# AMS Short Caboose



## sandbarn (Feb 13, 2010)

I just got a Accucraft AMS short caboose and was surprised to find that it didn’t come with any documentation at all (no IPB, no wiring schematic, etc.). So I’ve got a couple of questions about what I have.


First the lights/wiring. Since I don’t have track power, I removed the wheel wipers (a real drag anyway) and the brackets that hold them and the wires. When I removed the box from the frame I discovered some type of circuit card in the area under the copula seats. I assume the circuit card is to provide a constant voltage to what appear to be incandescent lamps in the car and the marker lights. If this is the case, can I remove the circuit card and connect the wire to a 9v battery?
Second the couplers. I want to replace the couplers with Kadee 900 series. Is the coupler pocket compatible with these or will it be necessary to replace the pocket with a Kadee gear box? The Kadee conversion list only references a “large” or “small” pocket. This being the only AMS car I have makes it a little difficult to make that distinction. If the pocket needs to be replaced how is this done? Any help? 
Couple of pictures of the pocket with coupler removed.

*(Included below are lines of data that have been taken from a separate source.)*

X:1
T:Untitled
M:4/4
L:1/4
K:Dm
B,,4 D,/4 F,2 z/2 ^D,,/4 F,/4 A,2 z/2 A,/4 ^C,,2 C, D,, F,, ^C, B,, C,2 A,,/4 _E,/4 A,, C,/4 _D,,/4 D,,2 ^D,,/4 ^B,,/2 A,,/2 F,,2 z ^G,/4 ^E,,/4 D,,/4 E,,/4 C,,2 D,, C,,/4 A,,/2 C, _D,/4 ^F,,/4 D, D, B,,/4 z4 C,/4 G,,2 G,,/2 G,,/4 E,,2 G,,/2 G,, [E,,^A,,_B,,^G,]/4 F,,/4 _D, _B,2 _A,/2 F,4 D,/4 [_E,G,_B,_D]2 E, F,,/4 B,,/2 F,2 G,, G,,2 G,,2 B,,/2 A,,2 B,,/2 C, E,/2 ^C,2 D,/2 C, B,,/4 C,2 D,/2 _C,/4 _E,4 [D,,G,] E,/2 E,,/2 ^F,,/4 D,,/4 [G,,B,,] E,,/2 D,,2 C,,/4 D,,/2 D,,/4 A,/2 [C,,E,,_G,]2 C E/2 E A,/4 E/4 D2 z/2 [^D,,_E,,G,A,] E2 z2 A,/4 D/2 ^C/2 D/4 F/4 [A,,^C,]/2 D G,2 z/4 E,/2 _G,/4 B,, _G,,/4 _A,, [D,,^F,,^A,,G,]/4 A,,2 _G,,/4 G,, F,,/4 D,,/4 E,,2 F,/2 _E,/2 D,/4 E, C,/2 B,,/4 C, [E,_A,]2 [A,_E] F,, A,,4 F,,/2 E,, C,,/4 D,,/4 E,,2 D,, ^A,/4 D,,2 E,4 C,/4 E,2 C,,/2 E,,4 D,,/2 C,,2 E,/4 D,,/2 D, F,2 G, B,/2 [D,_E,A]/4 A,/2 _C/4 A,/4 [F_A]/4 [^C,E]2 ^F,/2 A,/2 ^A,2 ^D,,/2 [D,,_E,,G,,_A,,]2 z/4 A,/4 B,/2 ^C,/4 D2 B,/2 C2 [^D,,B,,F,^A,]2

Does the hole from the first picture come through the bottom of the coupler pocket in the picture?









\


----------



## curlyp (Sep 4, 2009)

I use the Kaydee 901 couplers and the instructions on this web page http://kadee.com/conv/AMS-Accucraft-Freight-Cars.pdf 
Test fit the coupler before drilling the center hole out as some AMS cars require that step but not all 

Paul


----------